Module 3
Complications of Managing the Airway
Responses to Intubation
The larynx has the greatest afferent nerve
supply of the airway. Airway reflexes require suppression for
stress-free airway management, especially for endotracheal
intubation. Intensive autonomic responses may occur during
placement, maintenance and removal of all airway devices.
HEMODYNAMIC CHANGES
Direct laryngoscopy and endotracheal
intubation are both stimulating procedures that may cause
intense autonomic responses.33
Tachycardia, hypertension, dysrhythmias, bronchospasm, and
bronchorrhea are common; hypotension and bradycardia occur less
often. Patients with pre-existing hypertension are at
higher risk.
The sympathetically mediated responses to
mechanical stimulation of larynx, trachea-carina and bronchi may
be blocked by topical or intravenous lidocaine, by giving
opioids or short-acting selective α1-blockers
before laryngoscopy and intubation. Large hemodynamic
responses have to be prevented in patients with coexisting
cardiovascular disease. More than 11% of patients with
myocardial disease develop some degree of myocardial ischemia
during intubation.34
The key element is to provide an adequate depth of anesthesia
with either intravenous or inhalation agents before
instrumentation of the airway.
Fiberoptic intubation performed under
adequate local anesthesia and conscious sedation is an
appropriate technique to prevent major hemodynamic changes
during intubation. The lowest cardiovascular responses were
registered in patients after insertion of a LMA.
LARYNGOSPASM AND BRONCHOSPASM
Due to reflex responses to stage II of
anesthesia, laryngospasm can occur during intubation.
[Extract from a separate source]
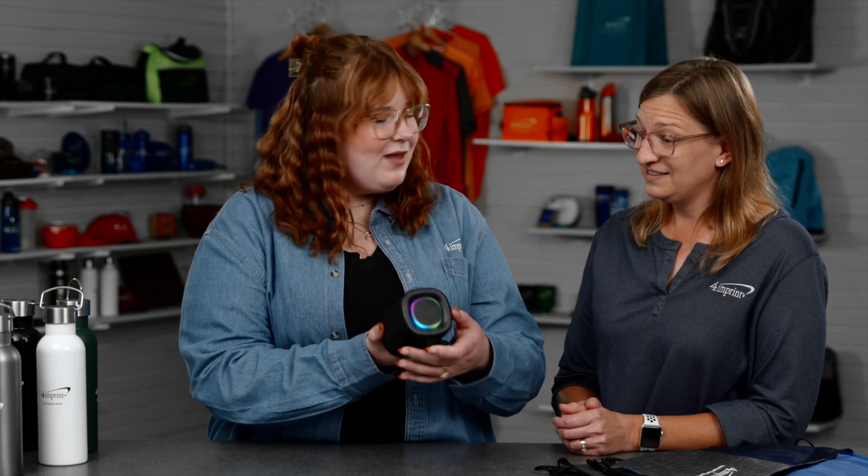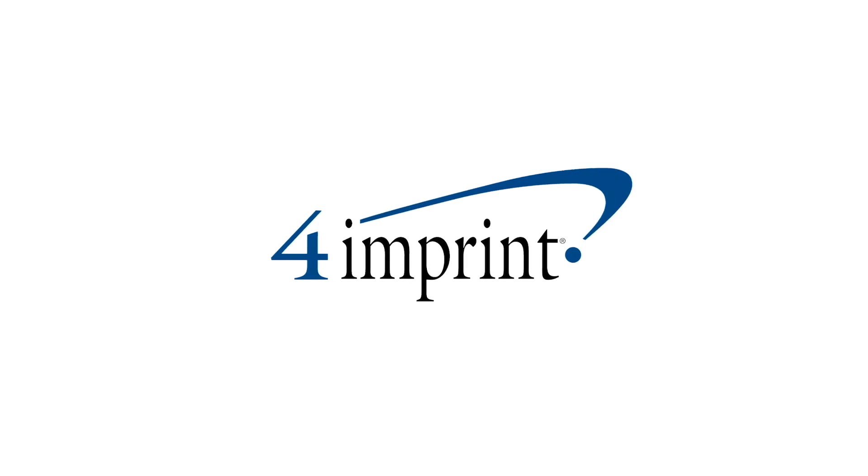It's a Koozie branded speaker. Volume is here on the side. When you're at a gathering and there's music playing, how often do you sneak over and take a peek at the speaker? This is something that will get used — it's not going to get thrown away. It's going to go to good use and people are going to see your logo. It's a really neat item to give away. That's all we have this time for you. Tune in next time for more Fresh Finds.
Laryngospasm involves more than spastic closure of the vocal
cords. An infolding of the arytenoids and the
aryepiglottic folds occurs; these structures are subsequently
covered by the epiglottis. This explains why a firm jaw
thrust can sometimes break the spasm: the hyoid is elevated,
thereby stretching the epiglottis and aryepiglottic folds to
open the forced closure. Malpositioning due to incorrect
insertion techniques, as well as inadequate depth of anesthesia
during LMA insertion, may induce laryngospasm. It may also
occur during fiberoptic intubation performed in non- or
subanesthetized laryngeal structures. Positive mask
pressure may help; treatment with a short-acting muscle relaxant
may be necessary to break the spasm.
Tracheal irritation from the endotracheal
tube can cause bronchospasm that is sufficiently severe
to prevent air movement throughout the lungs. The
incidence of intraoperative bronchospasm is almost 9% with
endotracheal intubation, 0.13% with an LMA, but close to 0% with
mask ventilation.35
Poor correlation is seen with age, sex, duration or severity of
reactive airway disease, or duration of anesthesia.
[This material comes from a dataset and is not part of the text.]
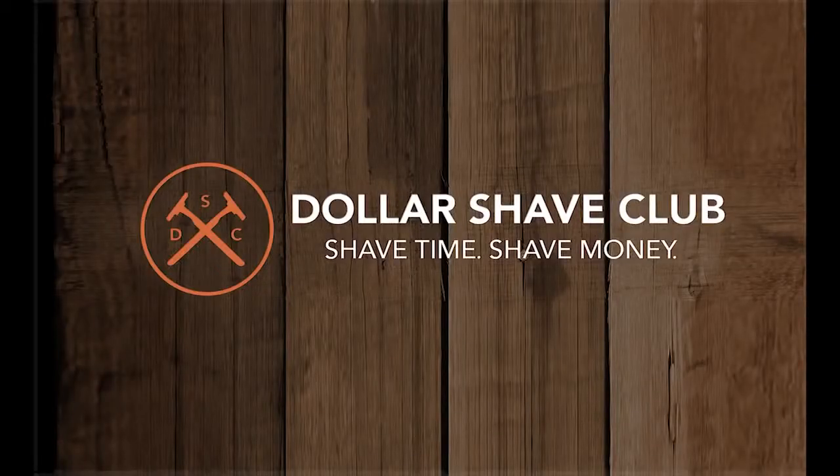This episode of Geeky TV is brought to you by Dollar Shave Club. Alright guys, it is two weeks from Grand Opening Day.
Factors that may contribute to bronchospasm include inhaled
stimulants, release of allergic mediators, viral infections,
exercise, or pharmacologic factors (including
α-blockers, prostaglandin inhibitors, and
anticholinesterases). Bronchospasm may also occur during
fiberoptic intubation.
The spasm can be treated with inhalation
of epinephrine or isoproterenol or an α2-agonist
(such as albuterol, metaproterenol, or terbutaline) or by
deepening the level of a volatile anesthetic.
COUGHING AND BUCKING
Two additional adverse responses to
intubation are coughing and bucking. Such responses are
potentially hazardous in cases of increased intracranial
pressure, intracranial vascular anomalies, open-globe injuries,
ophthalmologic surgery, or in cases in which increased
intra-abdominal pressure could rupture an abdominal incision.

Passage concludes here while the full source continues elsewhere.